No, whoever said that was wrong, unless there is some confusion over the term 'cue' (eg. when it comes to soundtracks). Is there more context to the answer you've quoted?
@Rob 's answer is correct when it comes to notation, score and parts. If an instrument has a cue written into their part, then that cued part is deemed necessary enough to be written in for an alternative instrument and should not be missed out. 
I'd be mightily pissed if I'd gone to the trouble of cueing in a part only for a conductor to decide whether to play it or not.


----------



## South Thames (May 5, 2021)

> No, whoever said that was wrong, unless there is some confusion over the term 'cue' (eg. when it comes to soundtracks). Is there more context to the answer you've quoted?
> @Rob 's answer is correct when it comes to notation, score and parts.



They are both correct.

In strict musical terms, 'cue' in an instrumental part is music that's not intended to be played but rather is intended to guide the player as to where he/should enter, especially during lengthy rests or passages where entry points may otherwise be unclear.

However, in commercial music, film music especially, cueing has another specific meaning -- music that is 'cued' in parts to give the composer or conductor options on the recording stage. Eg. a melody might be played by first violins, but in case that's not powerful enough the orchestrator may 'cue the melody in the horns'. The horns won't play the cue unless told to do so, but it makes the change as easy as a verbal instruction vs. having to re-copy and re-tranpose the part.


----------



## mikeh-375 (May 5, 2021)

South Thames said:


> They are both correct. In strict musical terms, 'cue' in an instrumental part is music that's not intended to be played but rather is intended to guide the player as to where he/should enter, especially during lengthy rests.
> 
> However, in commercial music, film music especially, cueing has another specific meaning -- music that is 'cued' in parts to give the composer or conductor options on the recording stage. Eg. a melody might be played by first violins, but in case that's not powerful enough the orchestrator may 'cue the melody in the horns'. The horns won't play the cue unless told to do so.


I never had to do that, but that's a good point and I can see the practical value in that. Sort of like covering options in anticipation of problems. That gives me the background I was after..
I always think from a classical background first.....it's a curse.


----------



## South Thames (May 5, 2021)

> I never had to do that, but that's a good point and I can see the practical value in that. Sort of like covering options in anticipation of problems. That gives me the background I was after..
> I always think from a classical background first.....it's a curse.


It is confusing, although ultimately it amounts to the same thing - music written in parts that's not (necessarily) to be played, just for different reasons than is usually the case in classical music. So I can see why the same word is used.


----------



## Illico (May 5, 2021)

My thought, this is for textural purpose here.

In fact, in the screen-shot here, this is the first bar of the score.
The main melody is played on Piano track during first 12 bars, doubling with the same melody on Flute track.

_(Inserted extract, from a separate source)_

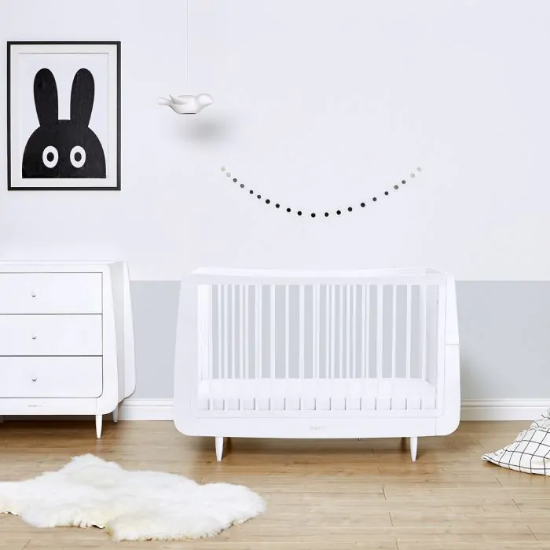 Slika SnuzKot Skandi set 2 u 1 krevetić + komoda za prematanje, bijeli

Later (bar 46), similar notations appears on Woodwinds sections that are copy of Strings sections.
I suppose this is a composer annotation. Then now, I have to choose If I keep all instruments or select the right ones to get the desired sound texture.


----------



## JJP (May 5, 2021)

I could write a long post about cueing, so I'll try to keep this short.

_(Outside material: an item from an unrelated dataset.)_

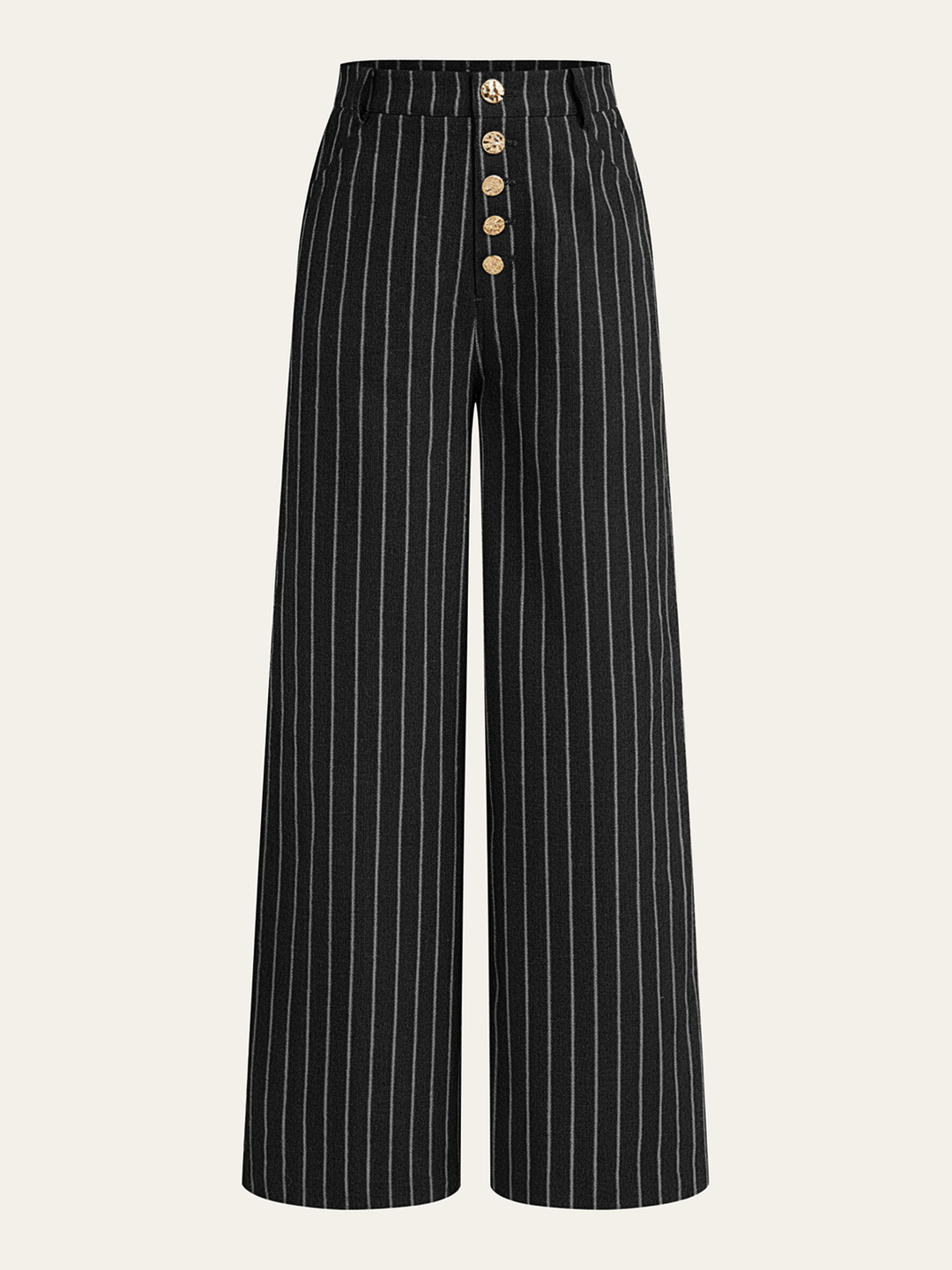 Pinstripe Linen & Cotton High-Waist Pants  Liora Lane Boutique Pants Black / XL 48.00
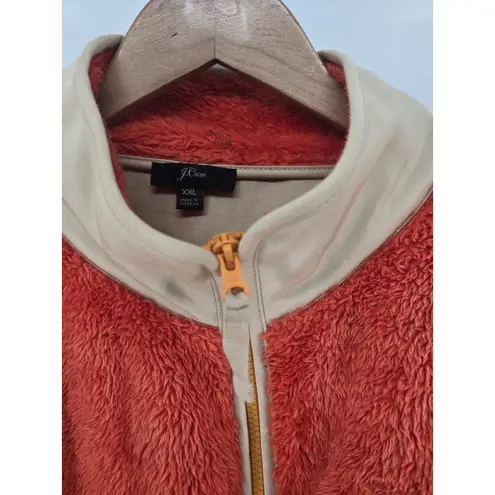 J. Crew Womens Fleece Full Zip Jacket XXL Orange Tan Sherpa Superplush Soft Size undefined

In commercial recording, cues like the one you shared can be quite common with some orchestrators and composers. Sometimes it is to give different options for textures, sometimes it's because they are writing to a rough draft of something (usually picture) and there is concern that things may have changed by the time they get to the recording session. Sometimes it can be because the orchestrator is not the composer and is working from a transcription of a mockup so it may not be clear exactly what the composer will prefer in the session. 

This is why the cues like your example are shown on the score as well as the parts. Traditional cues to give a reference to the musician after a long rest are typically only shown on the part, not the full score.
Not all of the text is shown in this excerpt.